The GT3 RS is distinguished by its performance capability and the unadulterated driving experience enjoyed with a racing car, but also meets all requirements for road-legal sports cars.

The exceptionally meaty engine boasts a displacement of 3.6 liters to generate 305 kW (415 bhp) at 7,600 rpm. Maximum revs are reached at 8,400 rpm. The power output per liter of engine capacity is 115.3 bhp. These figures correspond to the present GT3. But the RS puts in an even better performance. Thanks to a close-ratio six-speed transmission with a single-mass flywheel and the 20 kg lower vehicle weight, the engine revs up even more freely, thus enabling the 911 GT3 to sprint from zero to 100 km per hour in 4.2 seconds. That's one tenth of a second faster than the GT3. It takes just 13.3 seconds to hit to 200 km per hour. Maximum speed is 310 km per hour.

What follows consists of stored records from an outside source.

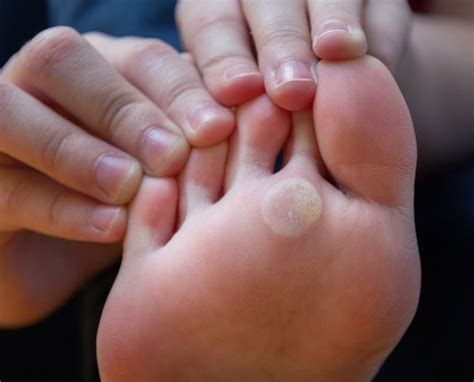 Plantar Warts: Symptoms, Causes, And Treatment, 54% OFF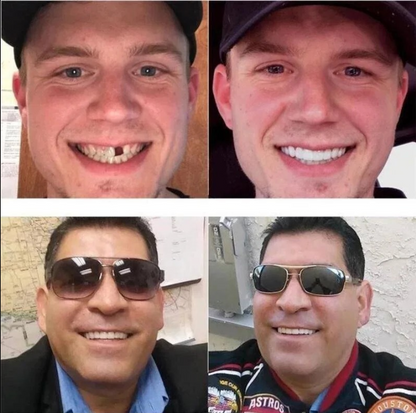 Adjustable Snap-On Dentures for Comfortable Fit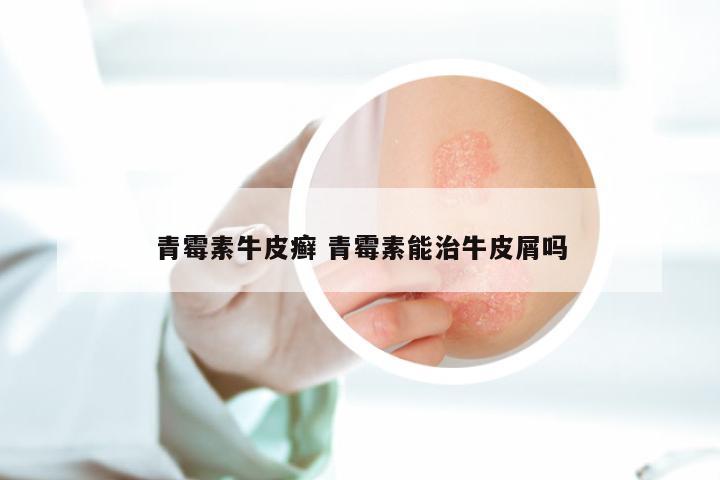 青霉素牛皮癣 青霉素能治牛皮屑吗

The reference "RS" will quicken the pulse of Porsche connoisseurs. Models such as the legendary Carrera RS 2.7 of 1972 and the type 964 911 RS (1991) were also sports cars that stood out on account of an extreme degree of maneuverability and handling. That tradition is continued with the new 911 GT3 RS. In common with its predecessors, it provides a basic and pre-approval model for use in a range of racing series.

One characteristic of the new "RS" is the body, which is 44 mm wider at the rear (a legacy from the Carrera 4 models) by comparison with the 911 GT3. The muscular-looking rear end conceals a wider track that not only improves directional stability but also increases the transverse acceleration potential of this two-seater coupe.

Despite its specialized body, the "RS" is 20 kg lighter than the GT3, weighing in at just 1375 kg. This weight-saving was achieved by the use, amongst other solutions, of an adjustable carbon fiber wing, the use of a plastic rear lid and a lightweight plastic rear window. The corresponding weight-saving is 4.5 kg/kW.

This car was auctioned off by RM Auctions in May of 2010 at the Grimaldi Forum, Monaco.